We are looking for an experienced Site Reliability Engineer to help deepen the reliability, observability, and operational excellence of Netflix. The ideal candidate will partner closely with engineering teams to ensure the end-to-end reliability of the complete member journey.
Requirements
- 5+ years of experience in an SRE, Production Engineering, or similar role operating business-critical, high-traffic services in production.
- Strong coding skills in one or more languages such as Python, Go, or Java, with a focus on automating solutions instead of relying on manual operations.
- Fluency in modern cloud infrastructure: hands-on experience with large-scale environments on AWS/Azure/GCP, along with abstracted compute and platform orchestration systems.
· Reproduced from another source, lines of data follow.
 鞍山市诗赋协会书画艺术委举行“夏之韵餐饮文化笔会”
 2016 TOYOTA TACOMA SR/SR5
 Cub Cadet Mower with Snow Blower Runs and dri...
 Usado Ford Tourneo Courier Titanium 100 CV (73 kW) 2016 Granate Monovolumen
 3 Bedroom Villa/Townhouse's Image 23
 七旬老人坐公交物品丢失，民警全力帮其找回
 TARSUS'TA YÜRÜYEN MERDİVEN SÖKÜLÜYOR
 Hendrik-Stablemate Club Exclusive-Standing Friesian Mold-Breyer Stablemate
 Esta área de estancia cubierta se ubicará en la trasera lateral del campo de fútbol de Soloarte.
- Deep understanding of large-scale distributed systems, including common failure modes, performance bottlenecks, and how to design for resilience and graceful degradation.
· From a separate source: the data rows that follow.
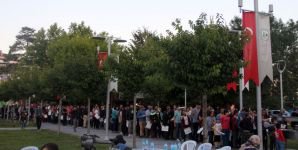 BU SOFRADA KİMSENİN ÜSTÜNLÜĞÜ YOK...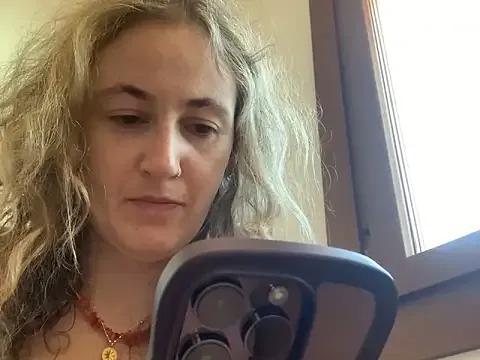 Littlelolo60 on StripChat 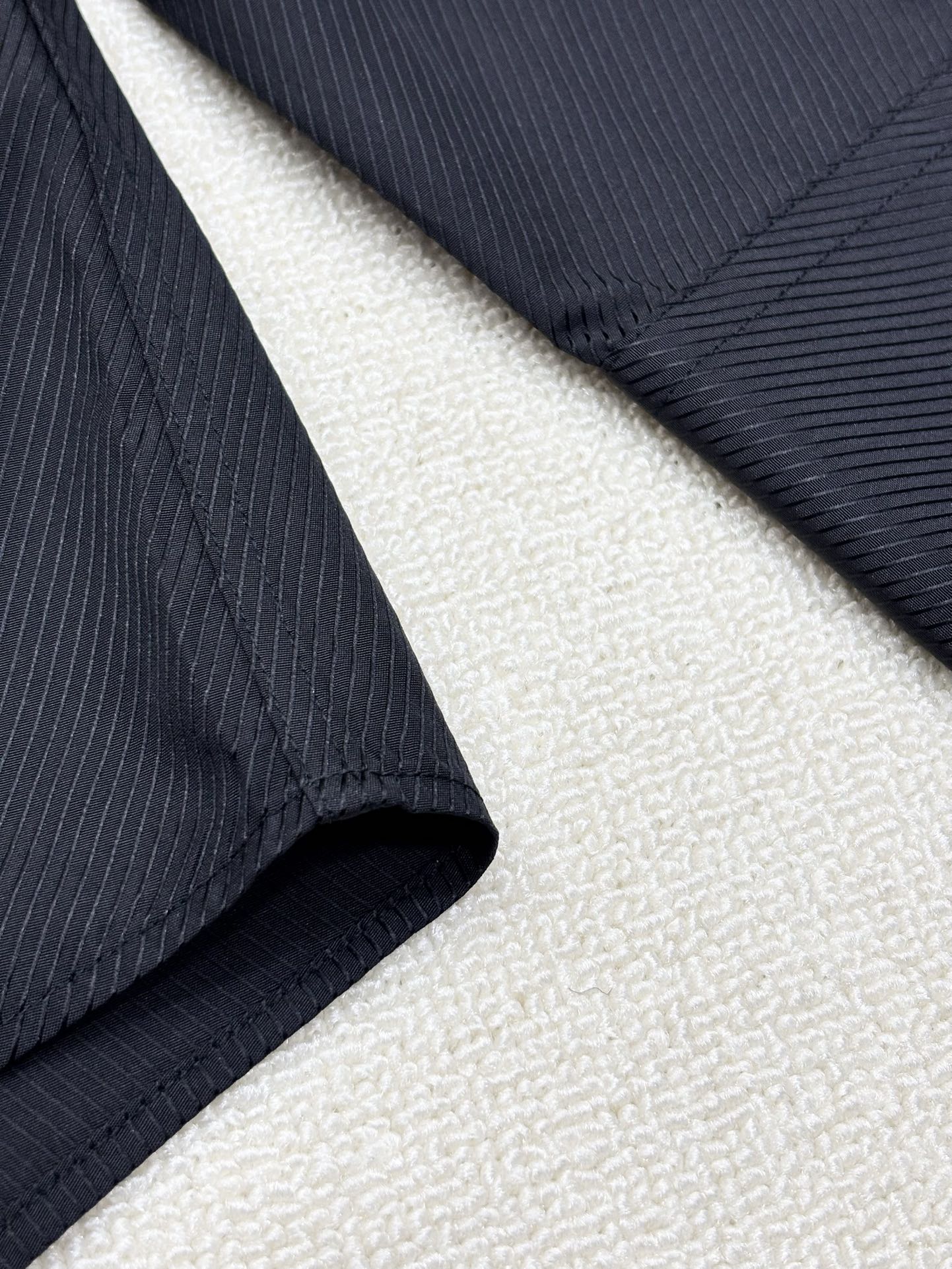 强势上新，新款不断！！！新款衬衫，高级面料高级做工，顶级品质！！！S一XXLS穿125左右m穿140左右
- Strong observability and performance tuning skills: you can use metrics, logs, and traces to debug issues in complex systems, and you’re comfortable profiling and optimizing services to meet latency, availability, or efficiency goals.
- Experience with incident management and response: you can navigate ambiguous, high-pressure production issues, drive coordinated response, and follow through with durable improvements.
- Strong collaboration and influence skills: you communicate clearly, build trust with partner teams, and can guide engineering teams toward better reliability practices without relying on authority.
- Ability to balance reliability, velocity, and cost: you’re comfortable making and explaining tradeoffs, and using data (SLOs, error budgets, performance metrics) to guide decision-making.
- Growth mindset and curiosity: you are eager to learn, comfortable challenging assumptions (including your own), and motivated by continuous improvement of systems, processes, and yourself.
- Embraces agency: you thrive when given a loosely defined goal by coming up with work to accomplish the goal while farming for dissent and feedback from the team and our stakeholders
Benefits
- Health Plans
- Mental Health support
- 401(k) Retirement Plan with employer match
- Stock Option Program
- Disability Programs
- Health Savings and Flexible Spending Accounts
- Family-forming benefits
- Life and Serious Injury Benefits